As for Intacct, I can’t not see this as a win. I got to know them 15 years ago when I started covering the space, and to their credit they were able to grow steadily in an area that really has only recently been embraced, or at least largely accepted, by accountants ... that being “the cloud.” This is by no means an insult, just an observation by a long-time observer, but it always seemed Intacct was in the shadow of NetSuite, and I know for a fact they often competed in deals and not always on the winning side. Still, the Intacct channel grew strong and committed and their customer base loyal.

Maybe it wasn’t a product for every business, but hey what is? Also, what always seemed to elude them was global scale. With Sage’s global presence, they now have that in a bigger way than they ever did.

Also, having CPA.com, the product and service marketing arm of the AICPA, aided Intacct’s cause in the accounting space. The company was one of the earliest partners signed on by CPA.com (then CPA2Biz) and in a way became their poster child for the outsourced accounting/virtual CFO model they had promoted.

For the record, I had reached out to CPA.com for comment on the acquisition and the future of their relationship with Intacct, but no comment was issued, as of yet.
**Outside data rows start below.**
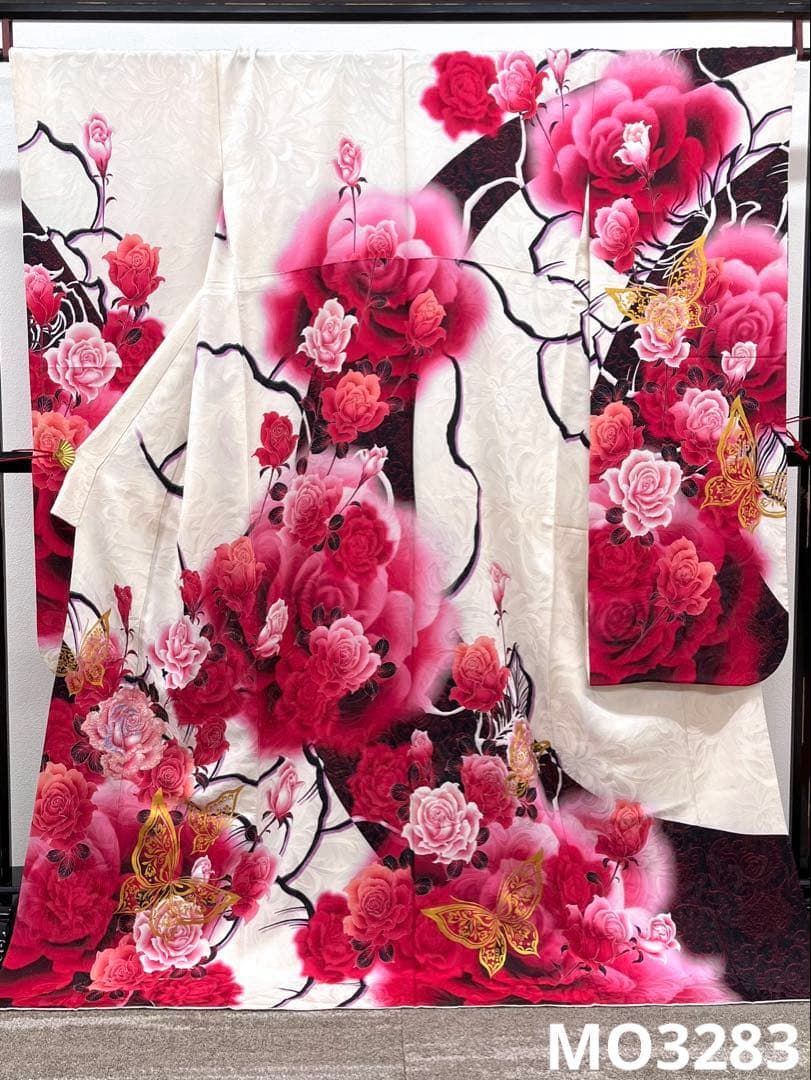 振袖 銀通し 金彩 紋意匠 刺繍 薔薇 身丈173 cm 撥水加工済 MO 3283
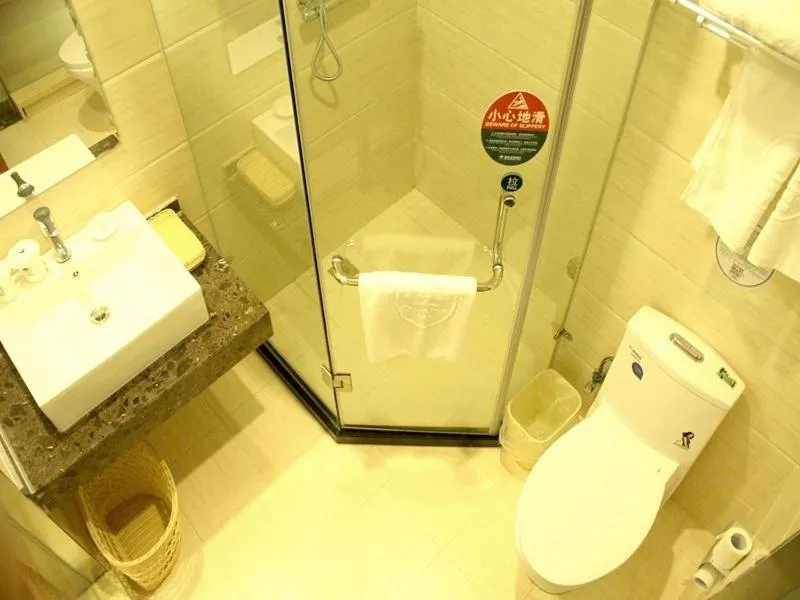 GreenTree Inn HeBei QinHuangDao ChangLi County MinSheng Road Walking Street Express Hotel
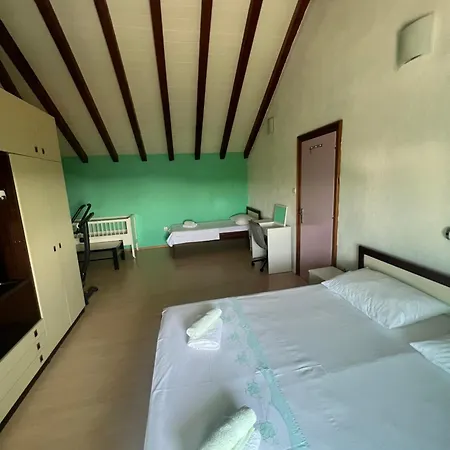 Rafa´s House 度假居 *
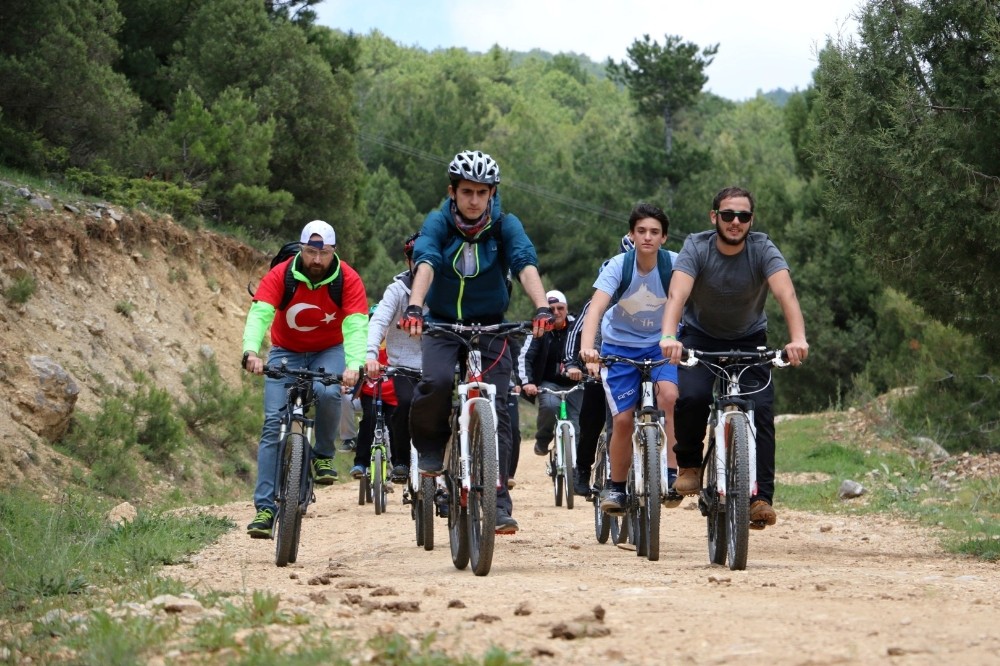 Doğa Tutkunları Gelemiçi Keşfetti
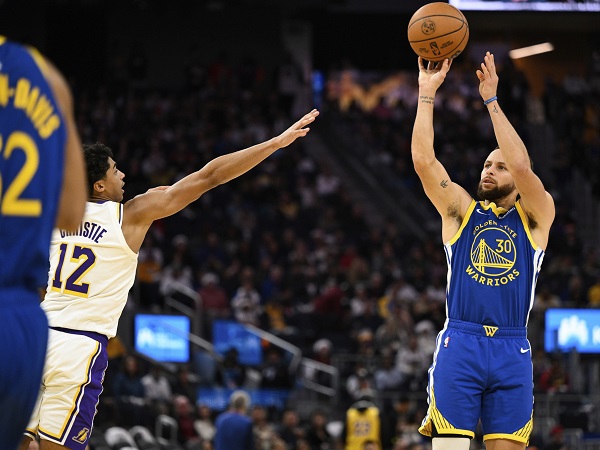 Stephen Curry punya keinginan besar pensiun bersama Warriors.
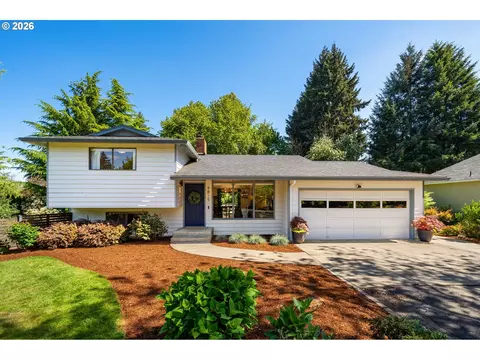 9815 SW Omara St, Tigard, OR 97223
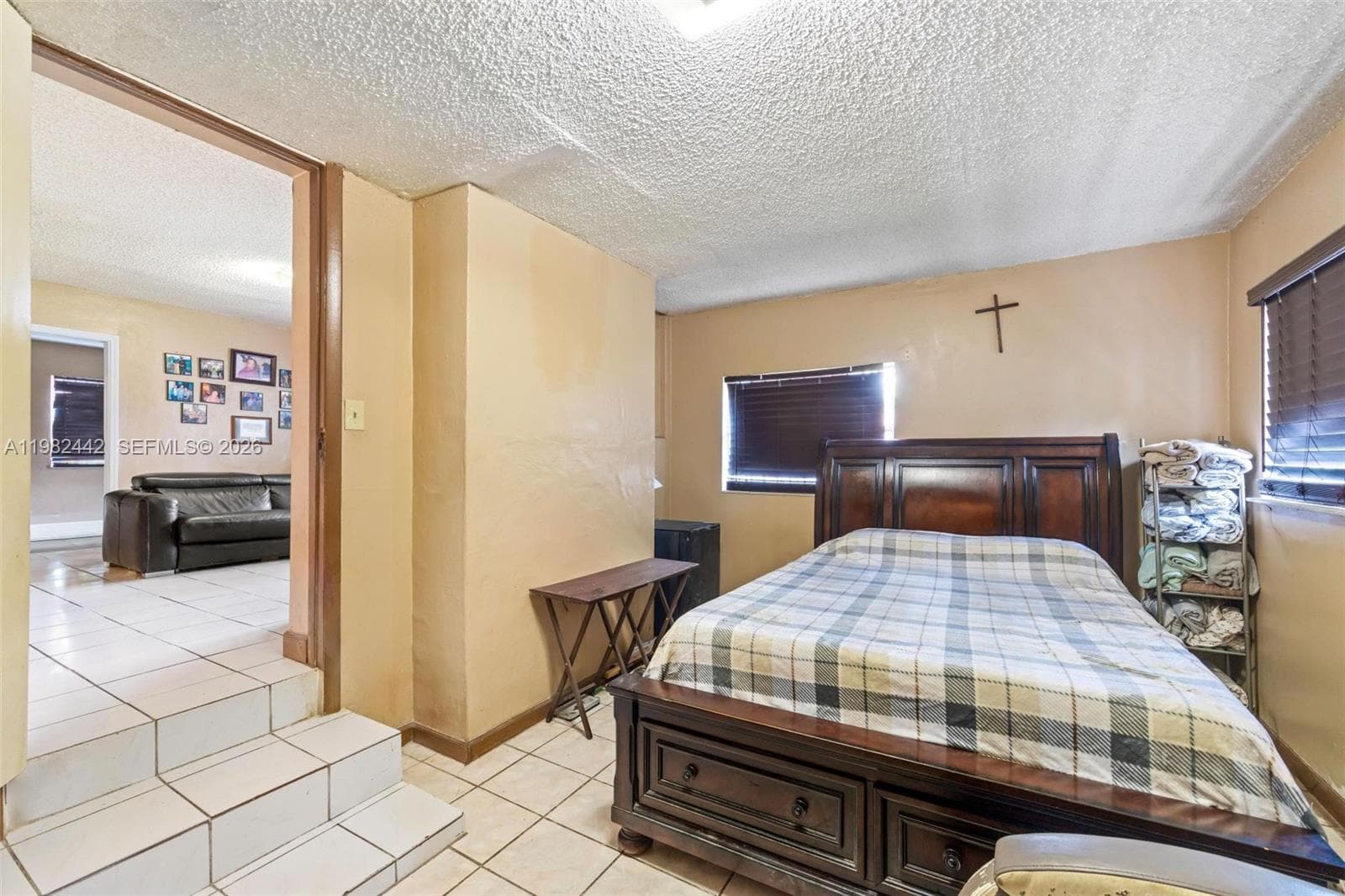 6223 NW Miami Pl, Miami FL 33150 — 8
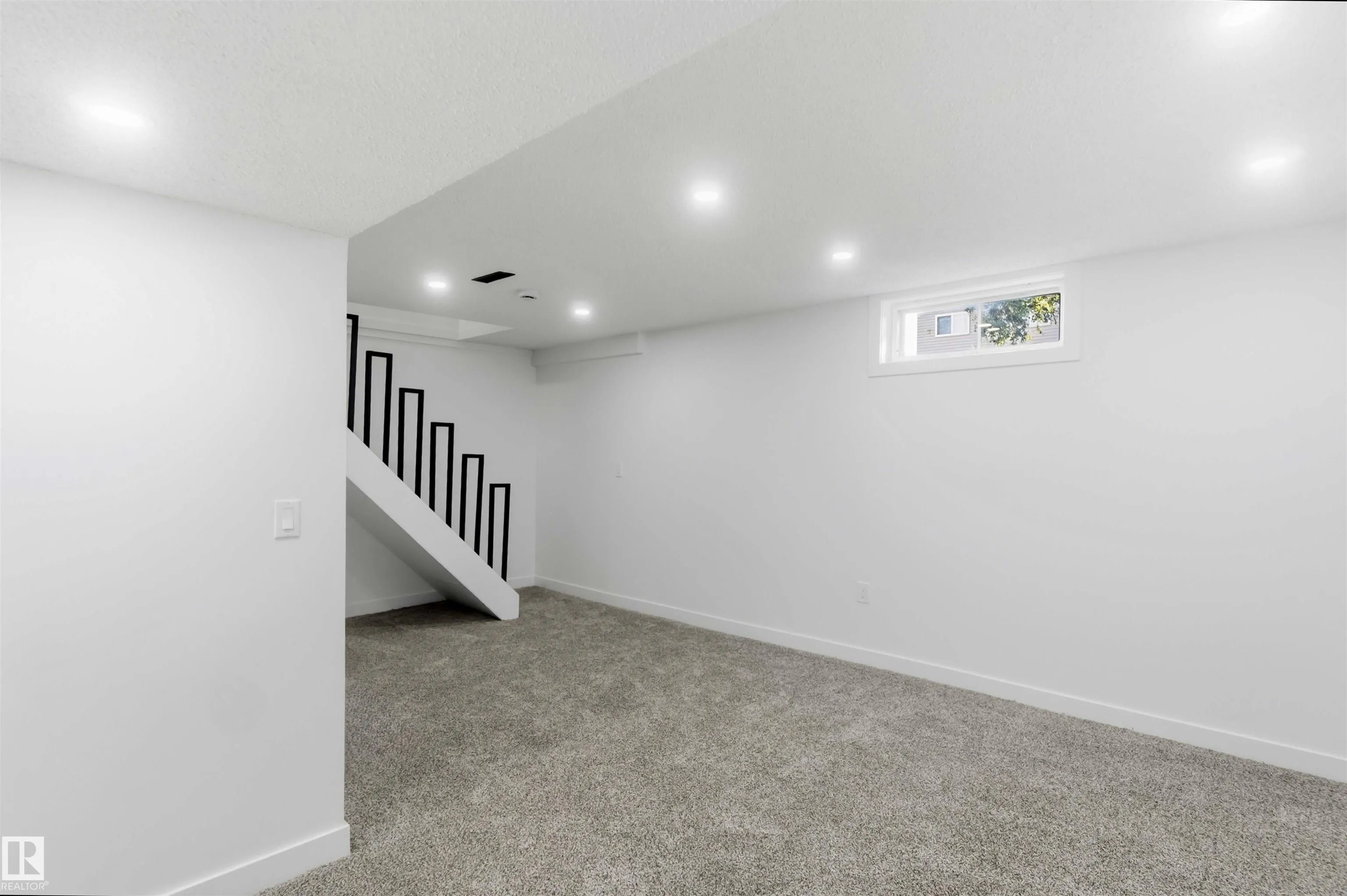 160 HABITAT Crescent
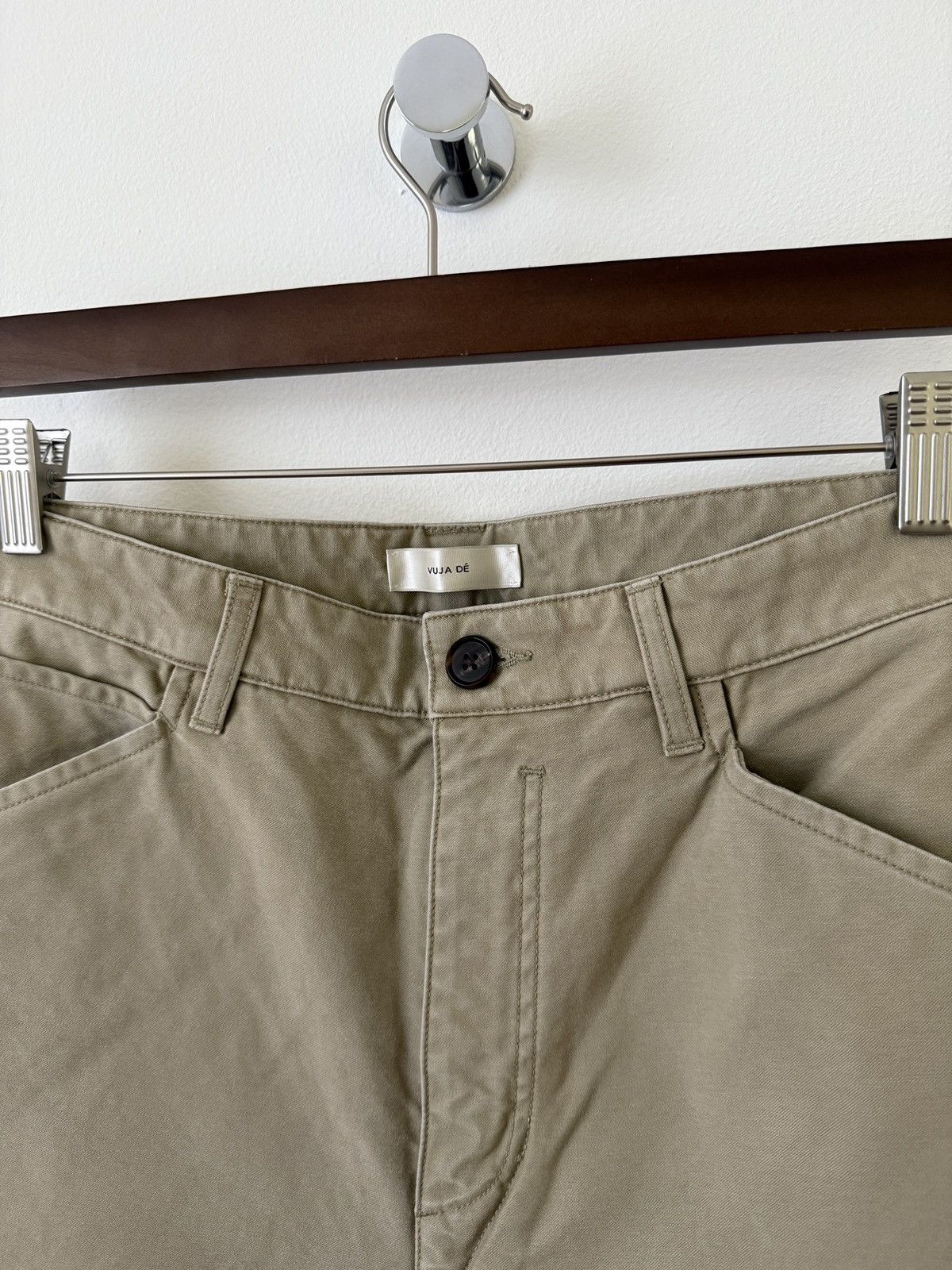 VUJADE 新品未使用　ANDRÉ SUNFADED CHINO PANTS ANDRÉ SUNFADED CHINO PANTS IN ORGANIC COTTON | Why are you here?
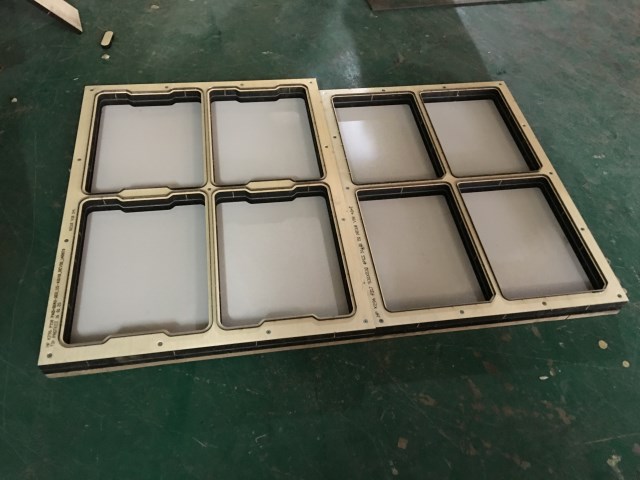 Khuôn cắt nhựa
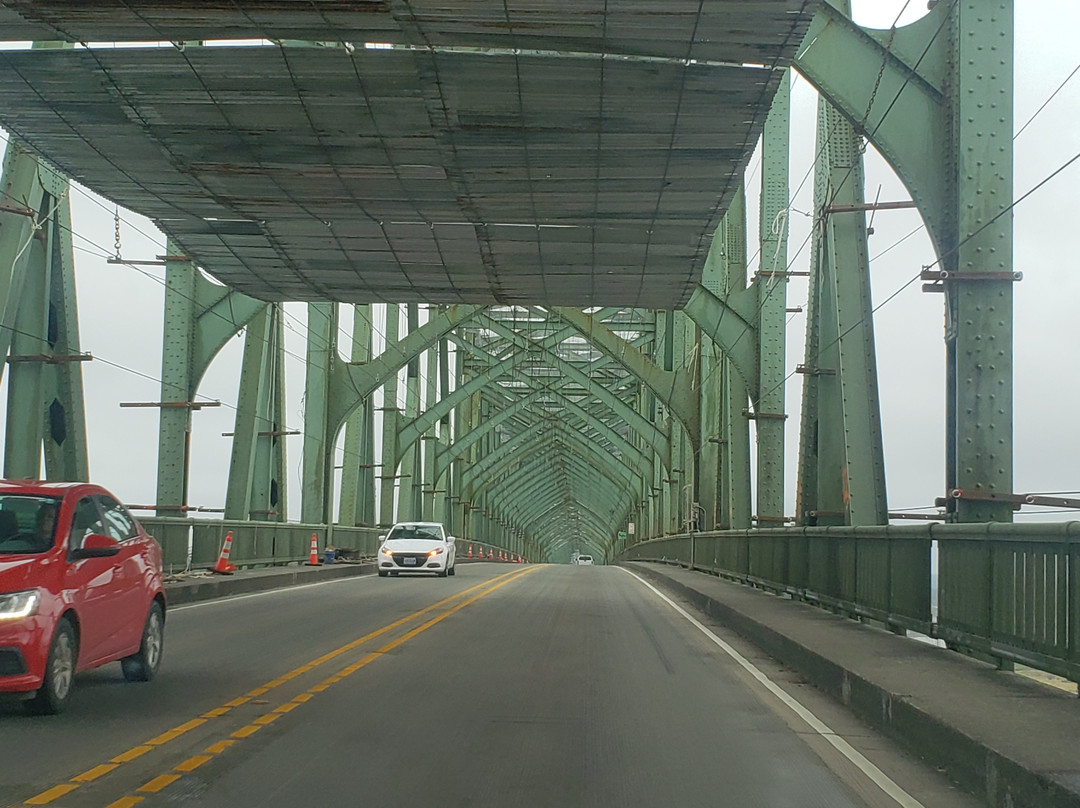 McCullough Memorial Bridge景点图片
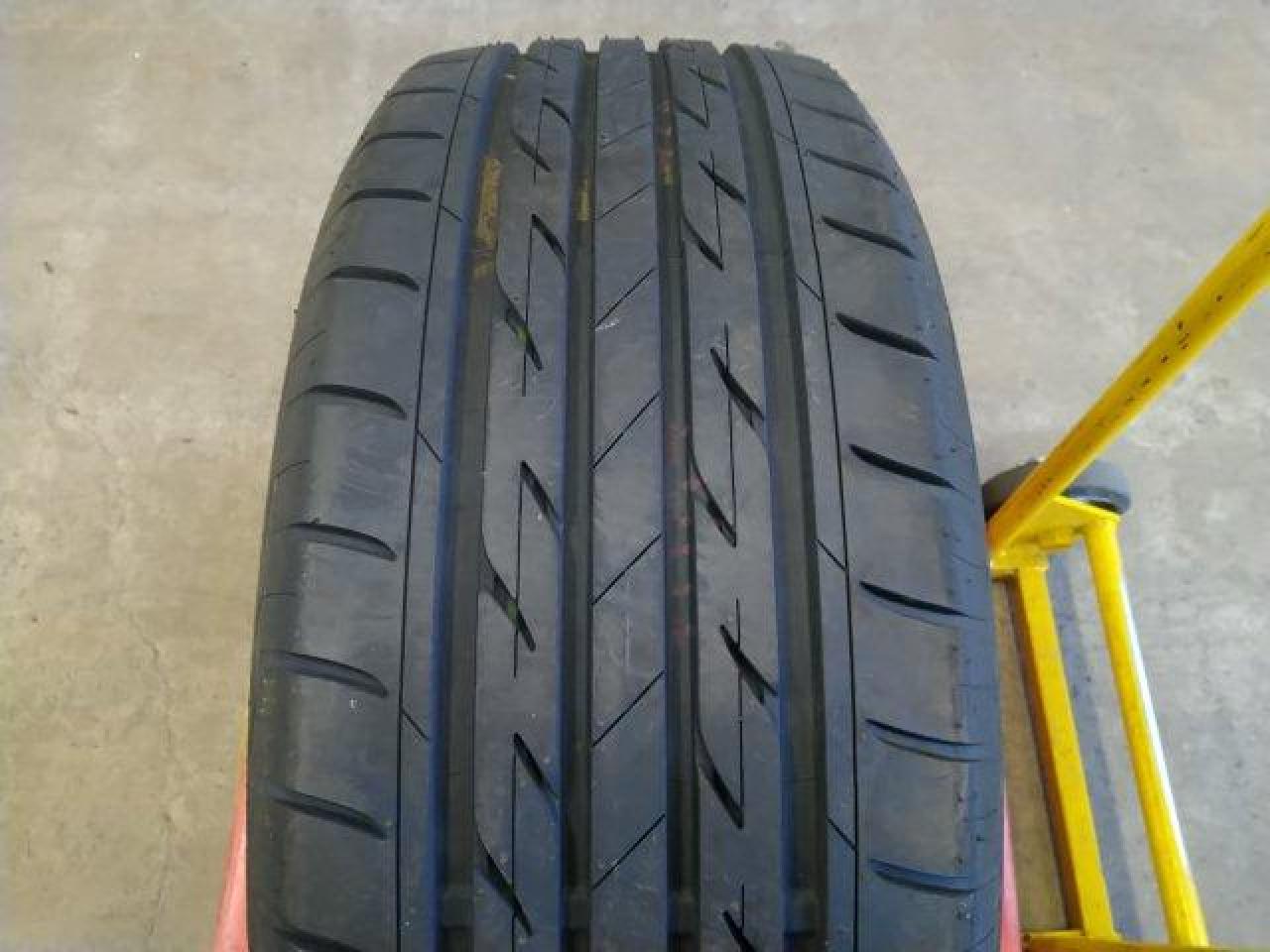 BRIDGESTONE NEXTRY 225/55R17 ※1本のみ | 目立った傷や汚れ無し 
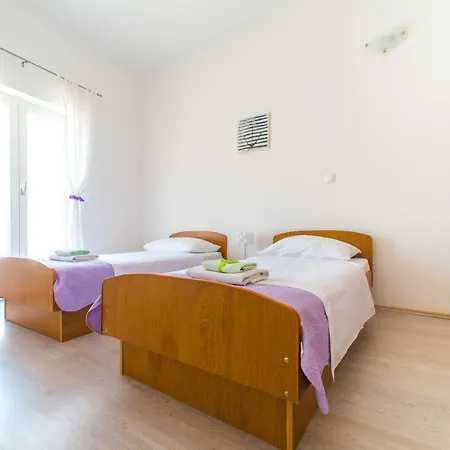 Red Rose Apartment *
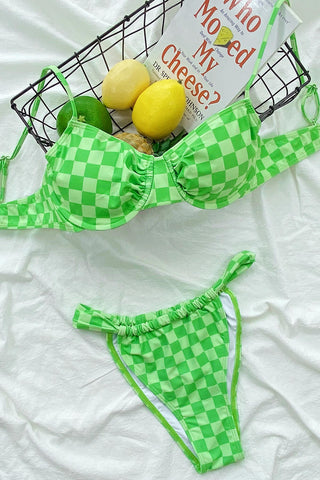 Braguita de bikini brasileña fruncida con estampado de cuadros verdes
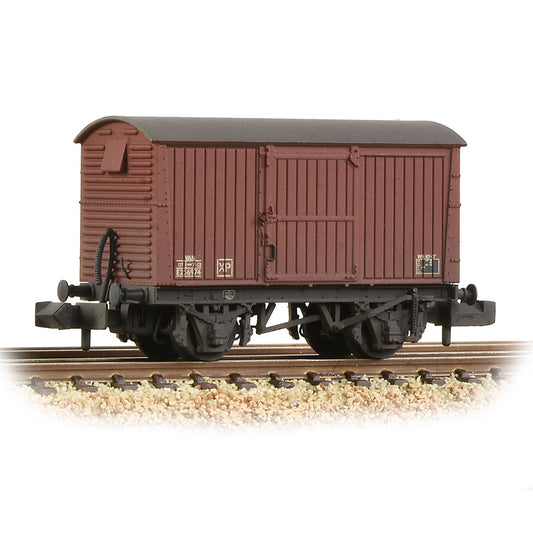 Farish 377-981A LNER 12T VentVan Corrugated Steel Ends BR Bauxite (Late) - Weathered, N Gauge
I suspect there will be one coming.

Another note about this deal, about six years ago when I sat down with Intacct’s CEO at one of their annual partner events to discuss their future, he in no uncertain terms saw them as a public company and had plans to be there within 18 months at the time. His words.

But the market is what it is and going there just never happened. And, I also know on good authority that acquisition offers had come their way (not entirely certain by whom but the field is pretty small) and were turned down at the time.

So that’s the basic history as I’ve seen it. Big questions remain on brand, customer, and channel integration. Also, will Intacct retain some brand integrity? How exactly will Sage leverage the newly acquired accounting firms loyal to Intacct? How will Sage differentiate it from what they are doing with Sage Live, and even its own mid-market ERP products and associated channel?